Set down every line of the data exactly, skipping the pictures.

+++ Collected material

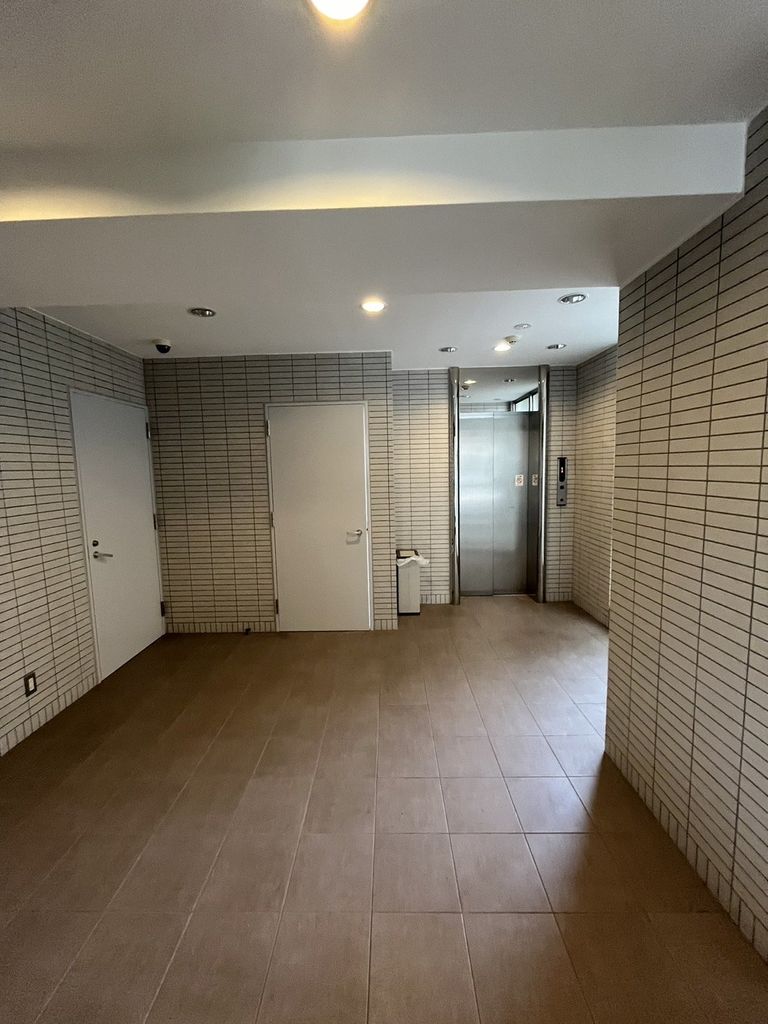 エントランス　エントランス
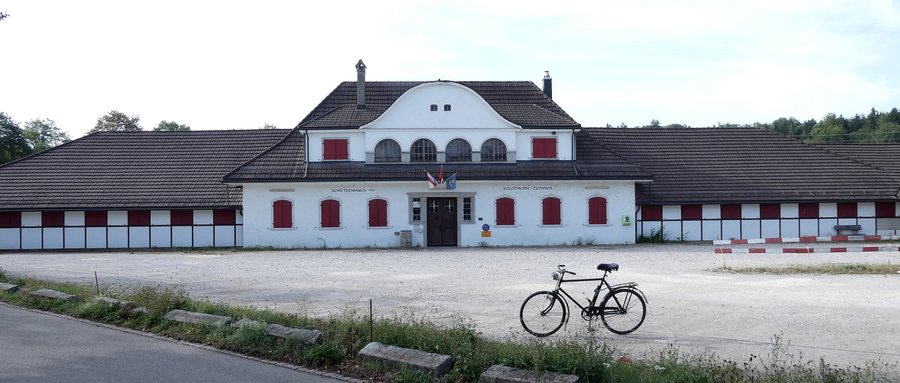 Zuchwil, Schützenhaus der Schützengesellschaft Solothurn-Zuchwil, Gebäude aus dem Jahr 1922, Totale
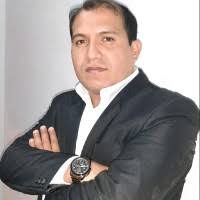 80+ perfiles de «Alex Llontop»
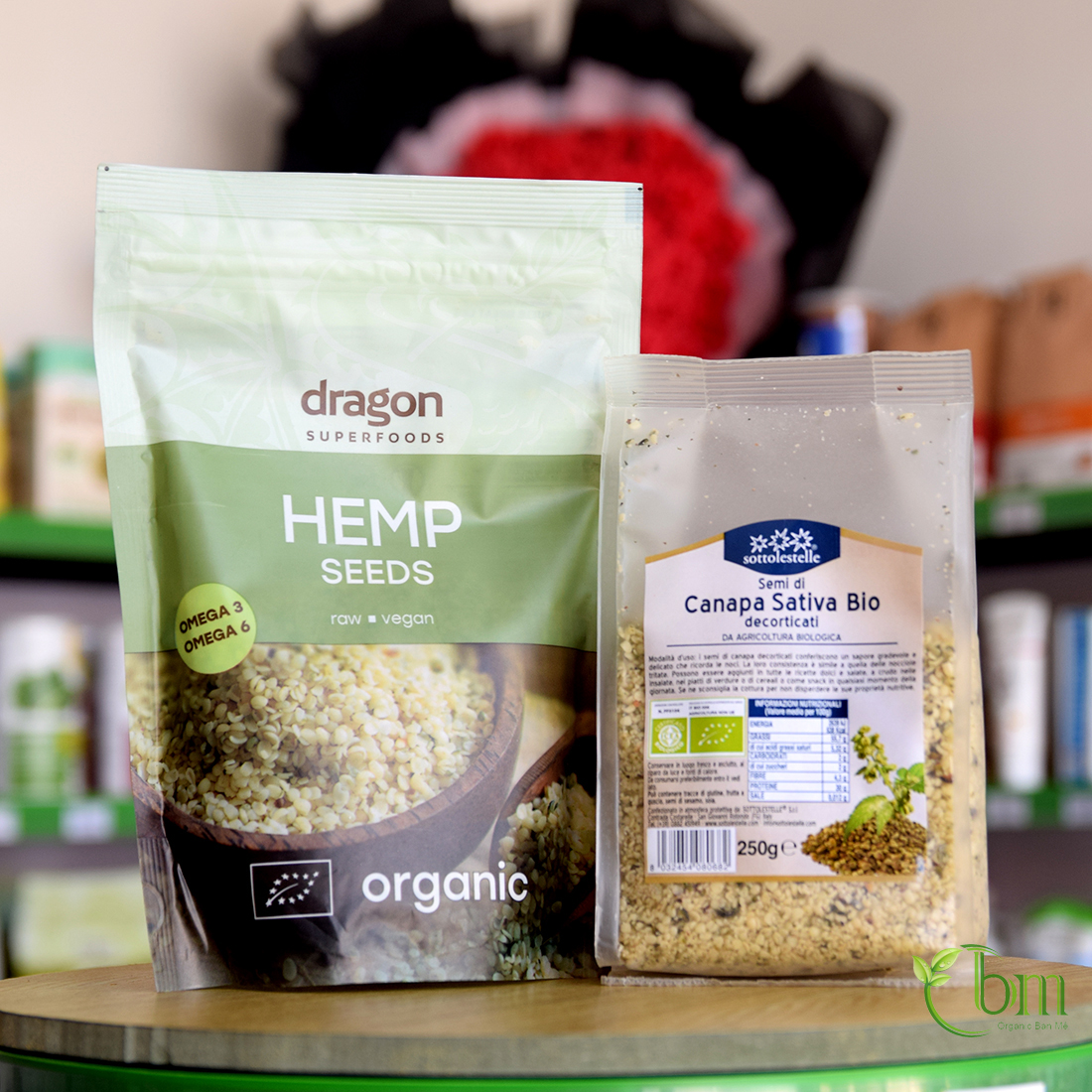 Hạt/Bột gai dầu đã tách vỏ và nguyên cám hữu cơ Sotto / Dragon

++++++

*Response for this exercise:*
 エントランス　エントランス
 Zuchwil, Schützenhaus der Schützengesellschaft Solothurn-Zuchwil, Gebäude aus dem Jahr 1922, Totale
 80+ perfiles de «Alex Llontop»
 Hạt/Bột gai dầu đã tách vỏ và nguyên cám hữu cơ Sotto / Dragon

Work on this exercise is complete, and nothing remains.